= Data records =
================
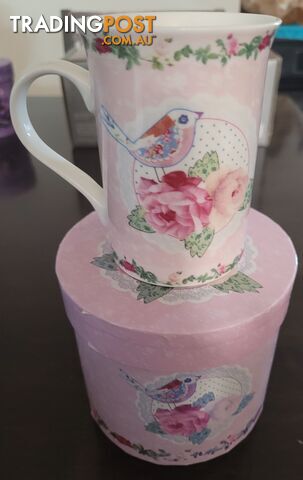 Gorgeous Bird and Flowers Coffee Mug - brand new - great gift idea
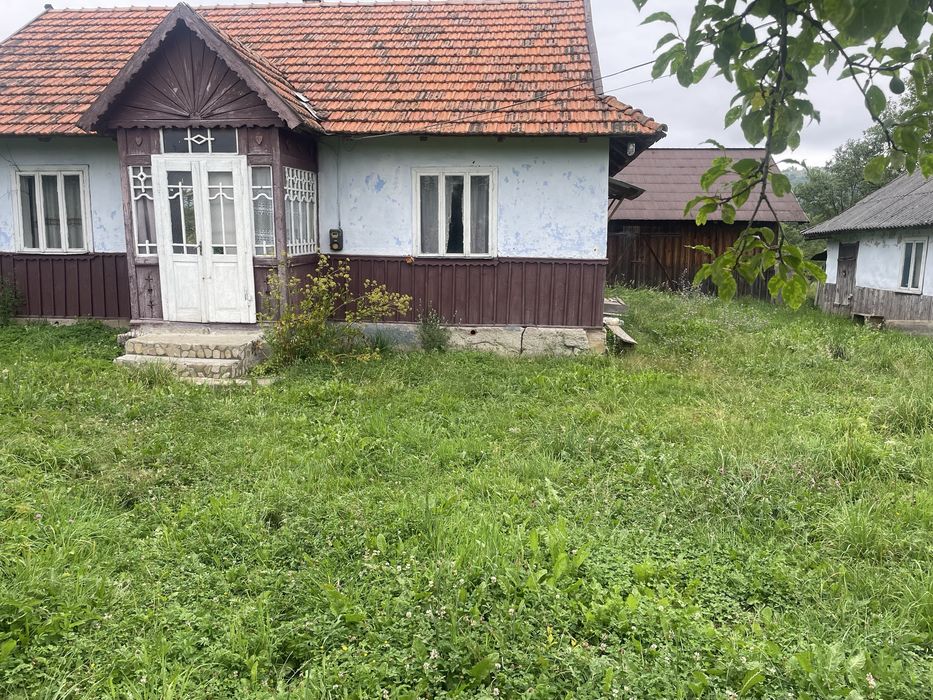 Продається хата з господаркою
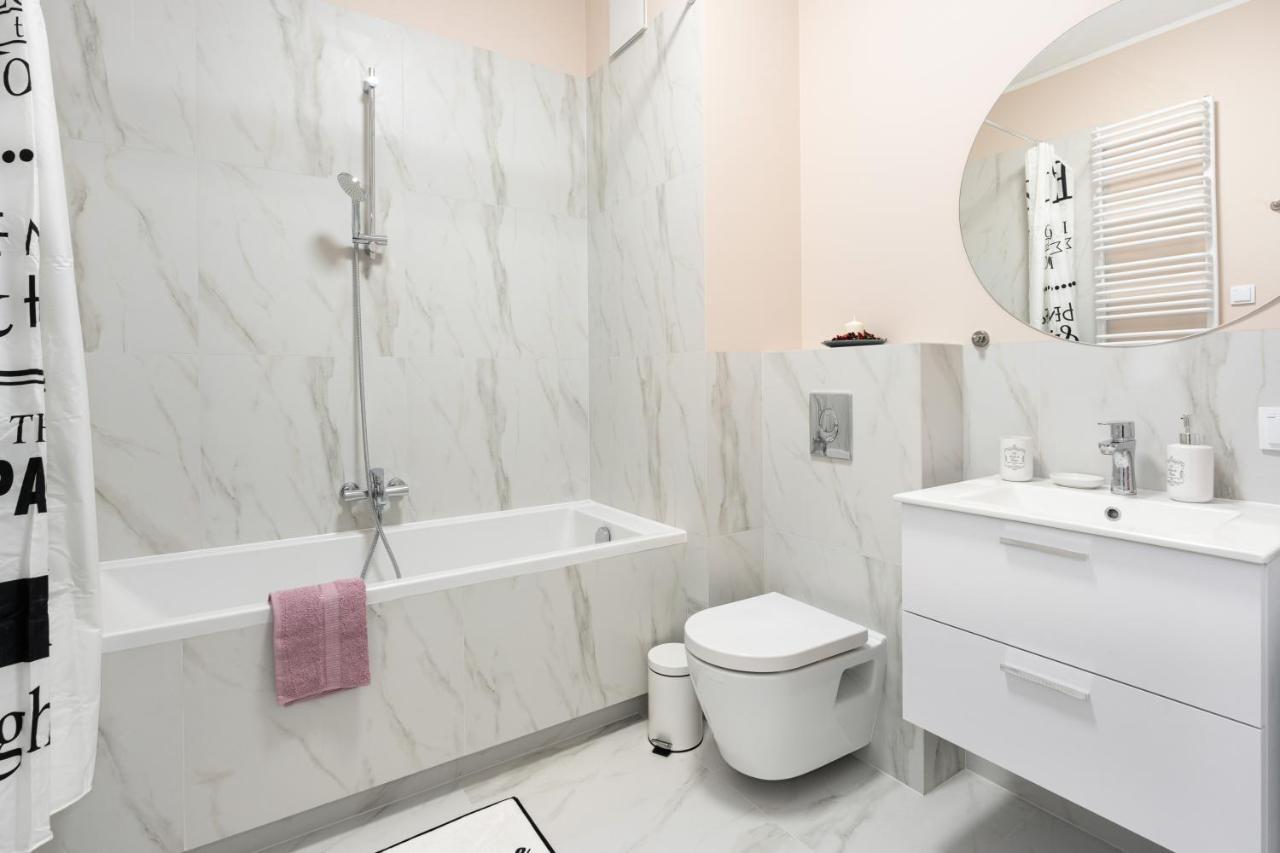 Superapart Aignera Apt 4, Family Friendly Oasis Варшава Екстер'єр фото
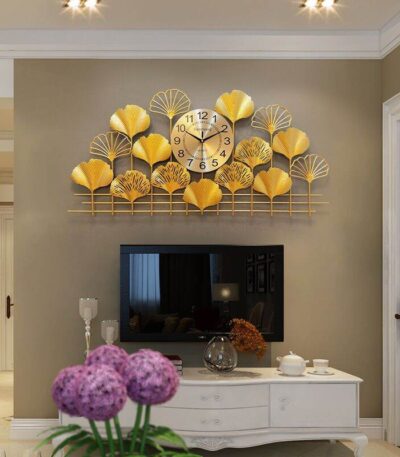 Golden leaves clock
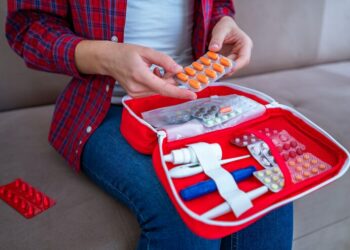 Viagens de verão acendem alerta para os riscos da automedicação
================
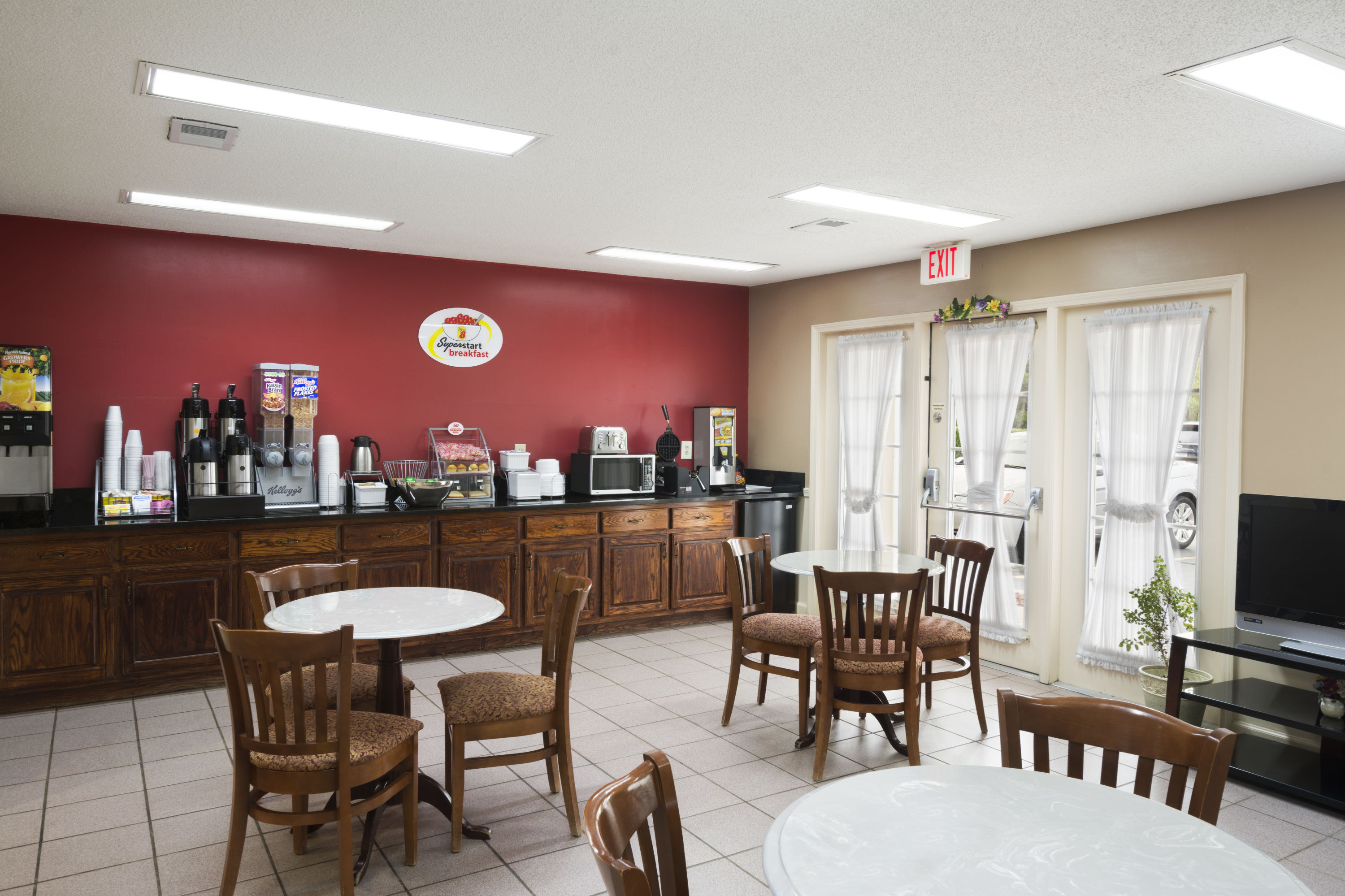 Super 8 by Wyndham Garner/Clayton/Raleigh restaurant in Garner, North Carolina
================
= What you have to do =
Look back at the data above, then output exactly the lines from the line holding "Superapart Aignera Apt" up to and including the line holding "Viagens de verão". Leave out the pictures.

= Task solution =
 Superapart Aignera Apt 4, Family Friendly Oasis Варшава Екстер'єр фото
 Golden leaves clock
 Viagens de verão acendem alerta para os riscos da automedicação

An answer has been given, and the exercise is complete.